I used "should" not to express an obligation to someone else, but to yourself.

As to what's wrong with people who don't find any reason to improve: In their
frame of reference, there's nothing wrong with them. That's why I said:

> improve ourselves to become closer to the ideals we want to represent.

If someone has no ideal they want to represent, then nothing I said applies to
them.

I personally disagree with what you said here though:

> A person isn't inferior if they aren't trying to make more money, run
> faster, play the piano better or whatever, and they are just happy the way
> they are.

People live in the context of society, and the world they are creating.
There's no unbinding oneself from the consequences of one's actions, the same
way every act of consumption creates a footprint and cost to the world that we
share with others. I think settling on one's own happiness is a low bar to
clear, and failing to strive to leave our legacy better for others is a short-
sightedness that leads to crises, best represented by the global warming.

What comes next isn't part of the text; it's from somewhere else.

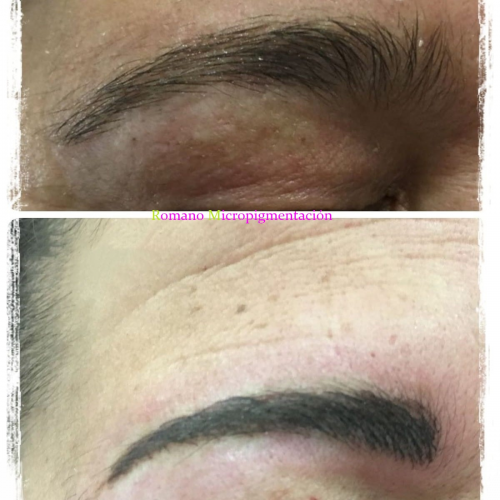 Foto Romano Micropigmentaci�n y Est�tica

Of course, people are being left to decide what they think they should be
doing for their lives, but I hope we can agree that there exists a view in
which they would be reasonably condemned.

------
weeksie
Maybe because I'm from an isolated part of the US where the initial leap to
leave was easy but I've never had compunctions about picking up and starting a
new life somewhere. I left Alaska when I was 17, moved back, then again when I
was 21 for Seattle, then left Seattle for Sydney when I was 26, then Sydney
for NYC when I was 31 and been here for the last 10 years (though I went
traveling with my girlfriend for 18 months a couple years back).

It's good to shake things up and head for more opportunity, but it's also
important to value the time you put in growing your community. After almost
eleven years in NY I am reluctant to go somewhere else long term. Sure, a few
months at a time but there's no way to speed up the process of making another
decade's worth of friends. It's also important not to stop making friends,
some of my closest are those I've made in the last five years.

Speaking of five years, I kinda like making broad plans about my life in five
year chunks. I taught myself how to write software in Seattle. Started a
company in Sydney about five years after that. And five years back I decided I
wanted to learn how to write so I pulled back to doing freelance and focused
on fiction. Now I'm pretty decent! I'm also back into the startup game, but I
picked up a new super power which is pretty sweet. I dunno, if you regret not
doing something, do what you can to try it out—you only get one life. There
are tradeoffs but I'm happiest not living with regret about what-ifs.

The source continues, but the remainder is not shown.